MATERIAL PROVIDED
● ● ● ●

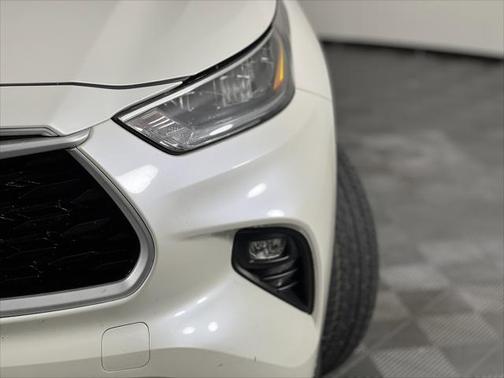 2020 Toyota Highlander Hybrid XLE
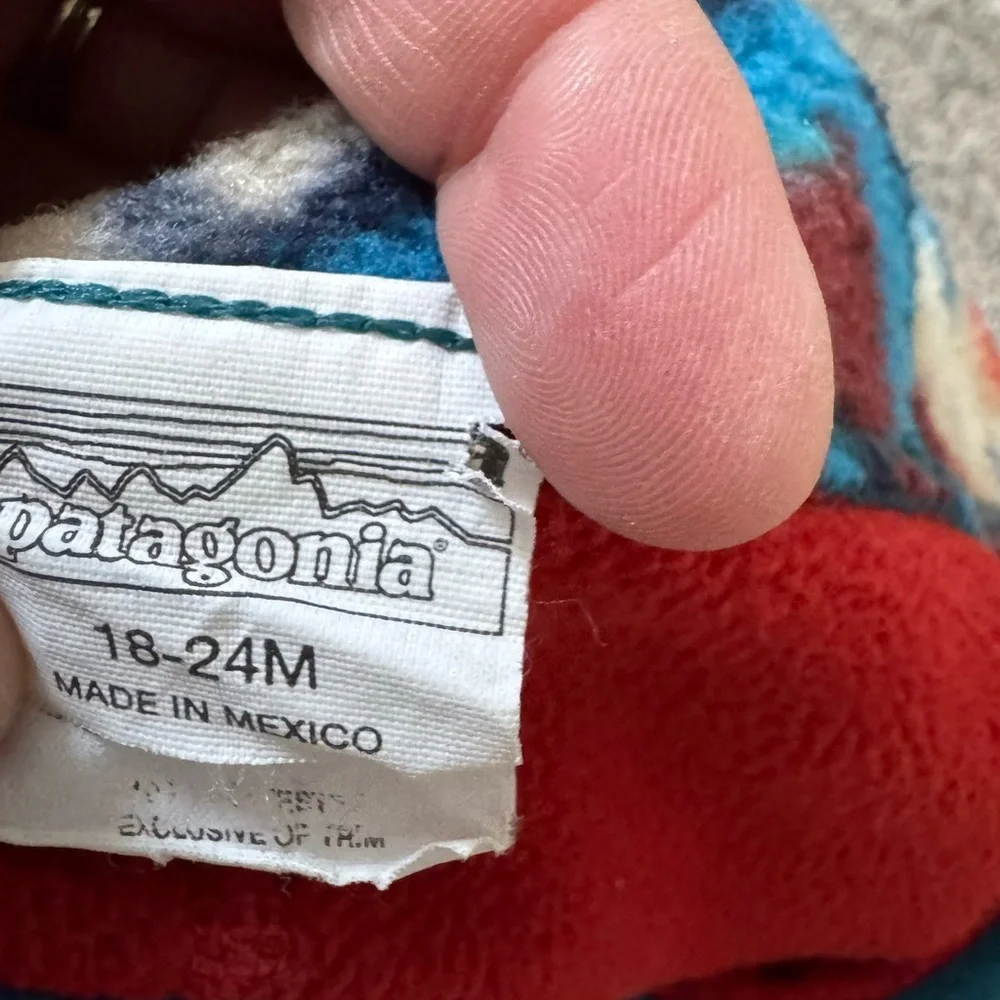 Patagonia Kids Hat with Blue and Red Pattern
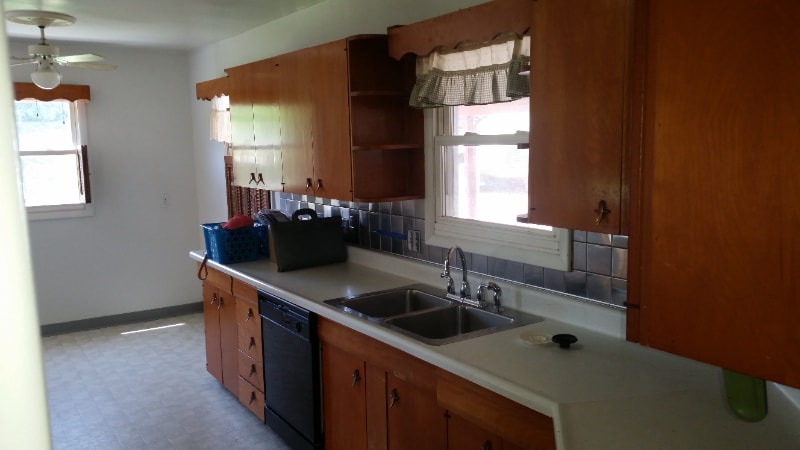 Building Photo - 8015 W 5th Ave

● ● ● ●

AIM OF THE TASK
For this exercise, write the listing out again exactly, excluding all images.

REPLY TO THE EXERCISE
 2020 Toyota Highlander Hybrid XLE
 Patagonia Kids Hat with Blue and Red Pattern
 Building Photo - 8015 W 5th Ave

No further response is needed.